======== EXTRACTED ENTRIES ========

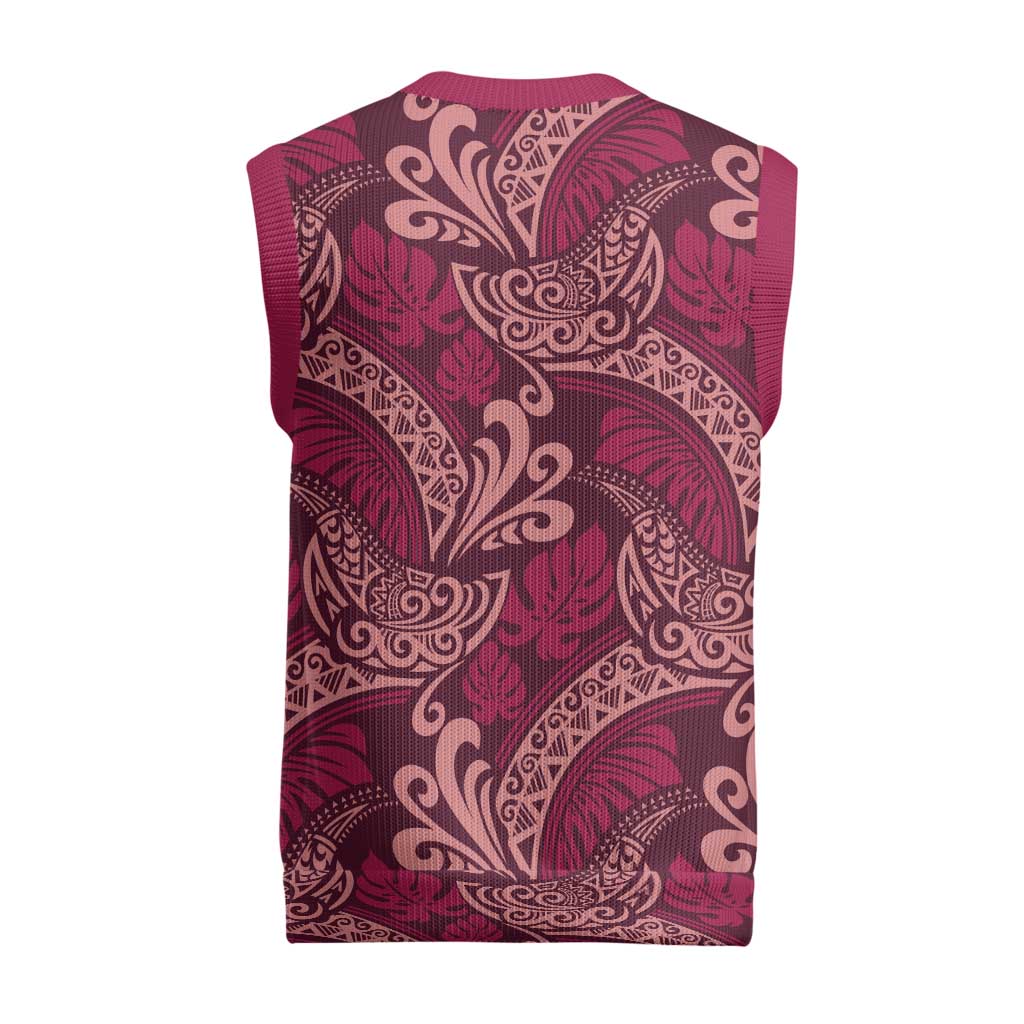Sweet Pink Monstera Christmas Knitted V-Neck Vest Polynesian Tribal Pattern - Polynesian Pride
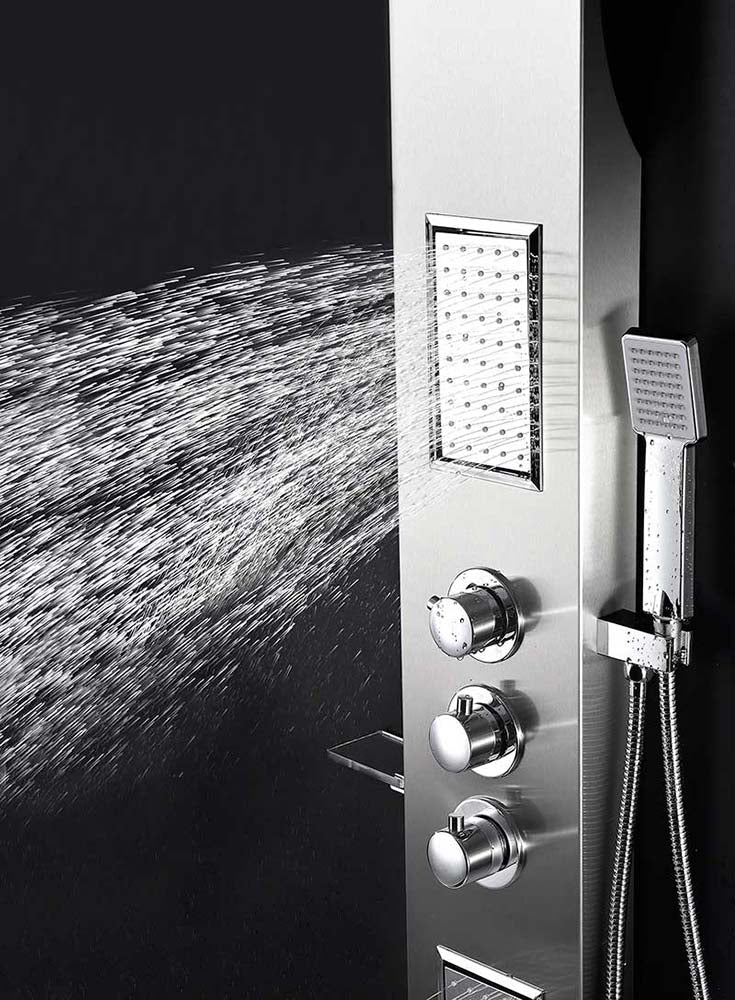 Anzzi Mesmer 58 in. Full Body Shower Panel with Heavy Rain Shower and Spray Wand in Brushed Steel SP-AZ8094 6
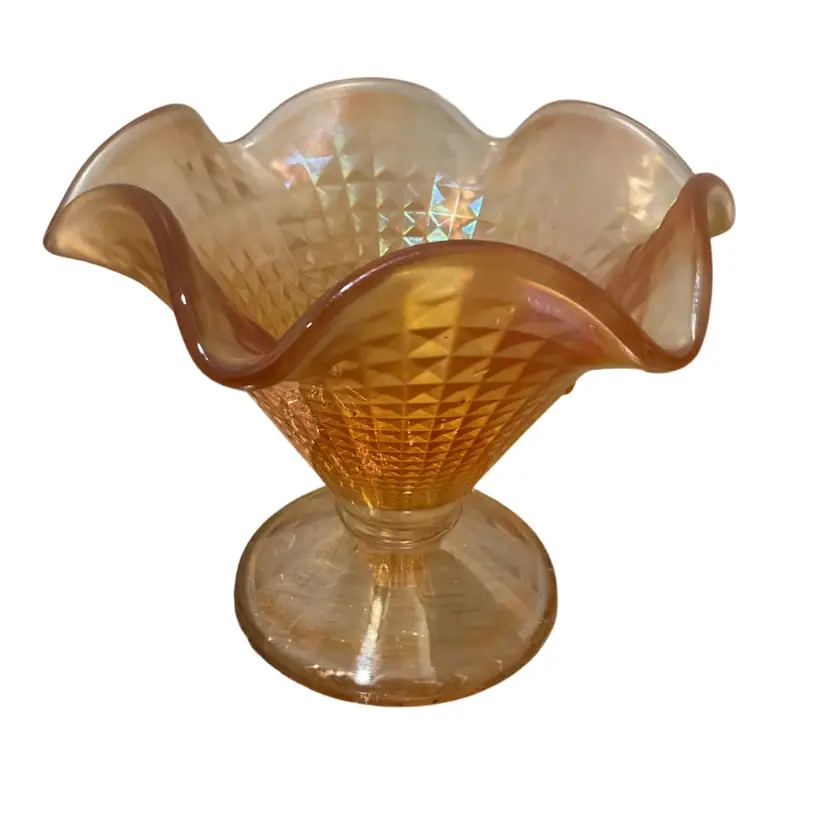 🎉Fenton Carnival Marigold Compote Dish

========
======== EXTRACTED ENTRIES ========

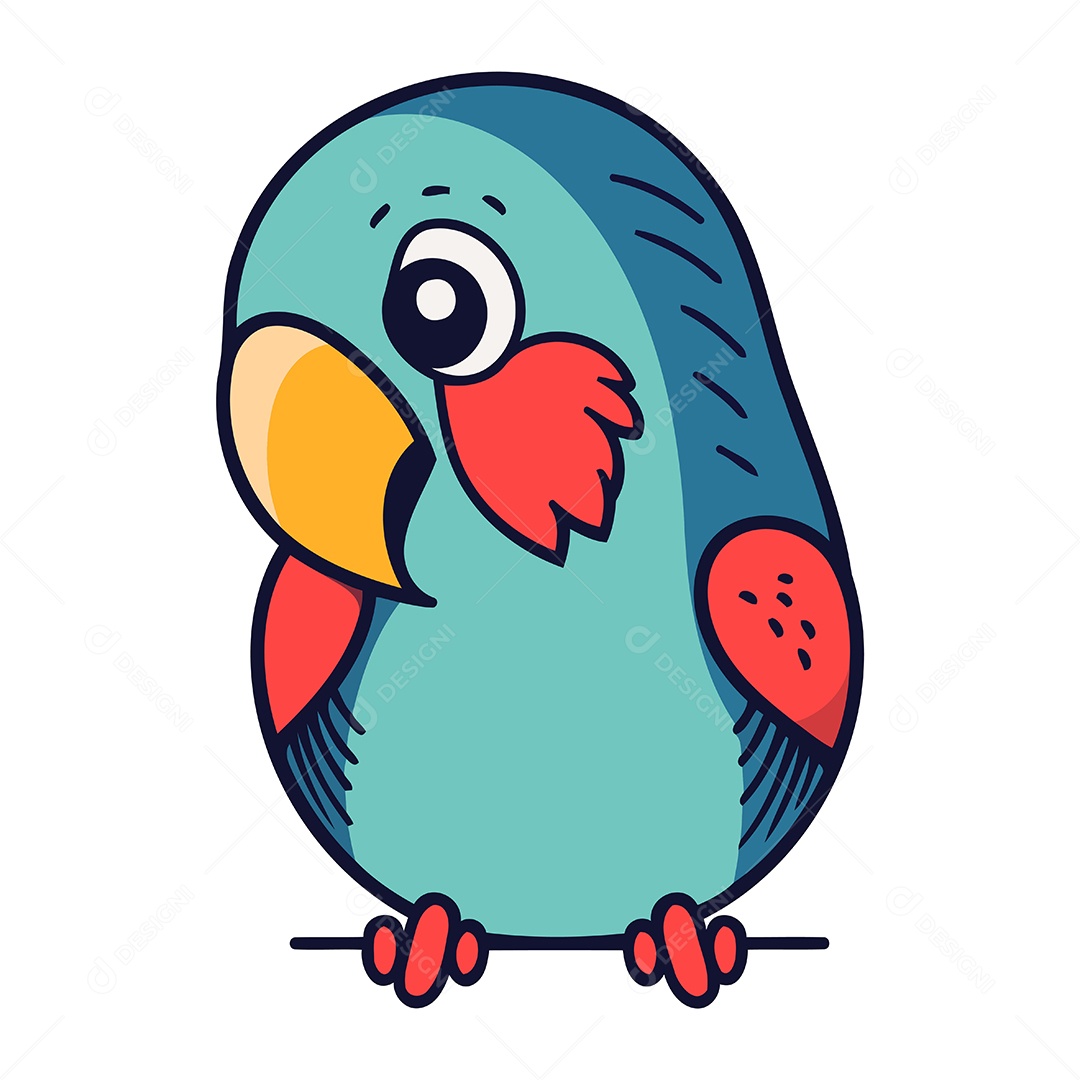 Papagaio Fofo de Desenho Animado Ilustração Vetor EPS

========

#### WORK TO COMPLETE:
The stretch above running from the line with "Sweet Pink Monstera" through the line with "Marigold Compote Dish" is all you should copy, exactly, leaving out the pictures.

#### RESULT:
Sweet Pink Monstera Christmas Knitted V-Neck Vest Polynesian Tribal Pattern - Polynesian Pride
 Anzzi Mesmer 58 in. Full Body Shower Panel with Heavy Rain Shower and Spray Wand in Brushed Steel SP-AZ8094 6
 🎉Fenton Carnival Marigold Compote Dish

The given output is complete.